Je lui répondis : « Que Dieu vous récompense dans l’éternité ; car je suis dans le plus grand danger, et j’ignore encore ce que les Indiens feront de moi. Ils m’auraient déjà massacré si la Providence ne m’avait préservé. Ne cherchez pas à me racheter, car les sauvages n’y consentiront pas ; et laissez-leur croire que je suis Français ; mais donnez-moi, pour l’amour de Dieu, quelques couteaux et quelques hameçons. » Ils le firent, et un canot s’avança pour les prendre.

Voyant que les sauvages ne laisseraient pas durer longtemps cette conversation, je me hâtai de dire aux Portugais : Tenez-vous sur vos gardes, car ils veulent attaquer Brikioka. Ils me répondirent que, de leurs côtés, les Indiens, leurs alliés, se préparaient aussi à la guerre, et comptaient surprendre le village où je me trouvais. Ils m’exhortèrent à prendre courage, et à espérer en Dieu, puisqu’ils ne pouvaient rien faire pour moi. Je répliquai : « Dieu voulant punir mes péchés, il vaut mieux que ce soit dans cette vie que dans l’autre, et je le prie de terminer ma misère. » J’aurais désiré pouvoir parler plus longtemps avec eux, mais les sauvages ne voulurent pas y consentir, et me reconduisirent au village.

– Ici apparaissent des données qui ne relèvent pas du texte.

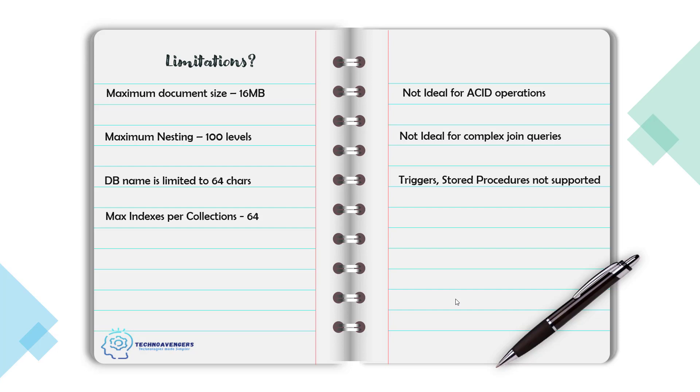So we are all ready to dive into this great database and start doing our hands-on. In the next lecture, I will show how to start working with MongoDB. Stay tuned. See you in the next lecture.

Je leur distribuai alors les couteaux et les hameçons, en leur disant : Voilà ce que mon frère, le Français, ma donné. Ils voulurent alors savoir ce que mon frère et moi nous avions dit. Je leur répondis que je l’avais exhorté à tâcher d’échapper aux Portugais, de se rendre dans notre pays, de revenir avec un vaisseau de marchandises, et de les récompenser, parce qu’ils étaient bons et me traitaient bien ; ce qui parut leur plaire beaucoup. Ils commencèrent à dire entre eux : « Certainement c’est un Français, traitons-le mieux à l’avenir. » J’avais soin de leur répéter souvent qu’il viendrait bientôt un vaisseau pour me racheter. Depuis cette époque, ils me conduisirent avec eux dans les bois pour les aider dans leurs travaux.